*ENTRIES SUPPLIED*:
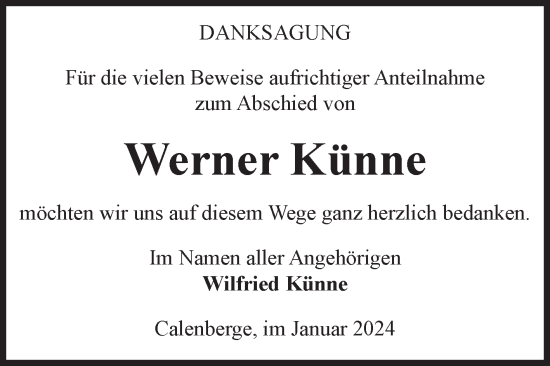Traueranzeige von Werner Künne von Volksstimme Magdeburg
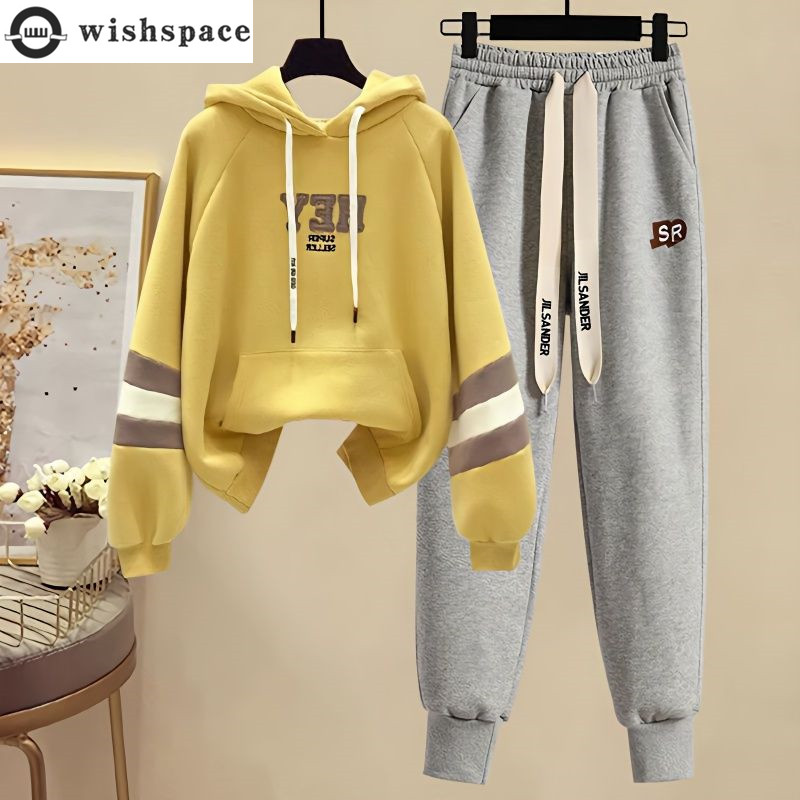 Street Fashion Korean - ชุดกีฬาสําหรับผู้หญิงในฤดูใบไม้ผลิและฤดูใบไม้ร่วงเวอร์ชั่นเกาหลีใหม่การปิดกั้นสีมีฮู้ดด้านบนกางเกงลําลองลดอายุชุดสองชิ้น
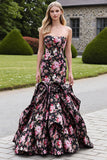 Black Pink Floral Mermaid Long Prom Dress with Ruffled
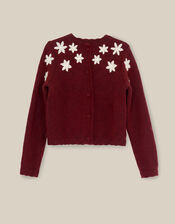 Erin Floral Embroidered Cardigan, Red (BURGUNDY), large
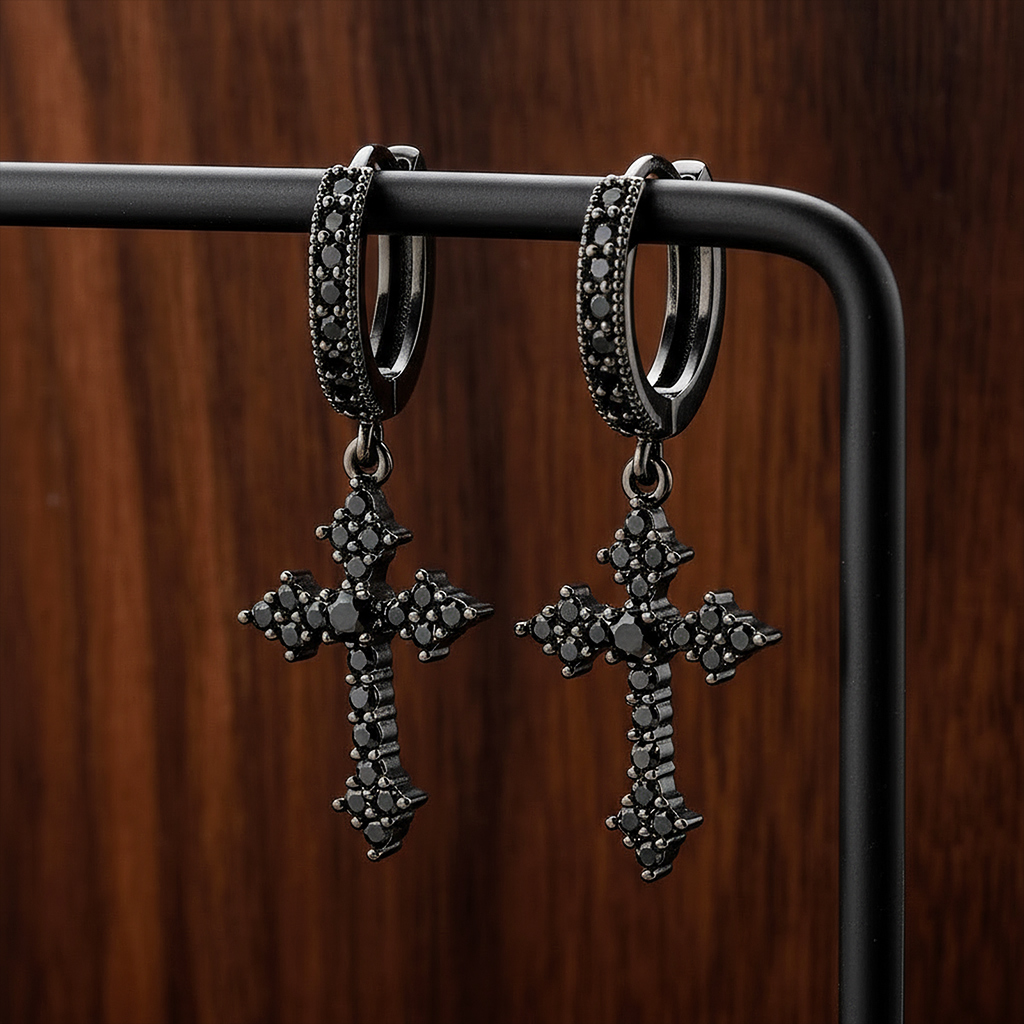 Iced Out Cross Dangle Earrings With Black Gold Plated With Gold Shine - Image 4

*PROBLEM DESCRIPTION*: Without including any picture, set down the listing above exactly as it appears.

*ANSWER*:
Traueranzeige von Werner Künne von Volksstimme Magdeburg
 Street Fashion Korean - ชุดกีฬาสําหรับผู้หญิงในฤดูใบไม้ผลิและฤดูใบไม้ร่วงเวอร์ชั่นเกาหลีใหม่การปิดกั้นสีมีฮู้ดด้านบนกางเกงลําลองลดอายุชุดสองชิ้น
 Black Pink Floral Mermaid Long Prom Dress with Ruffled
 Erin Floral Embroidered Cardigan, Red (BURGUNDY), large
 Iced Out Cross Dangle Earrings With Black Gold Plated With Gold Shine - Image 4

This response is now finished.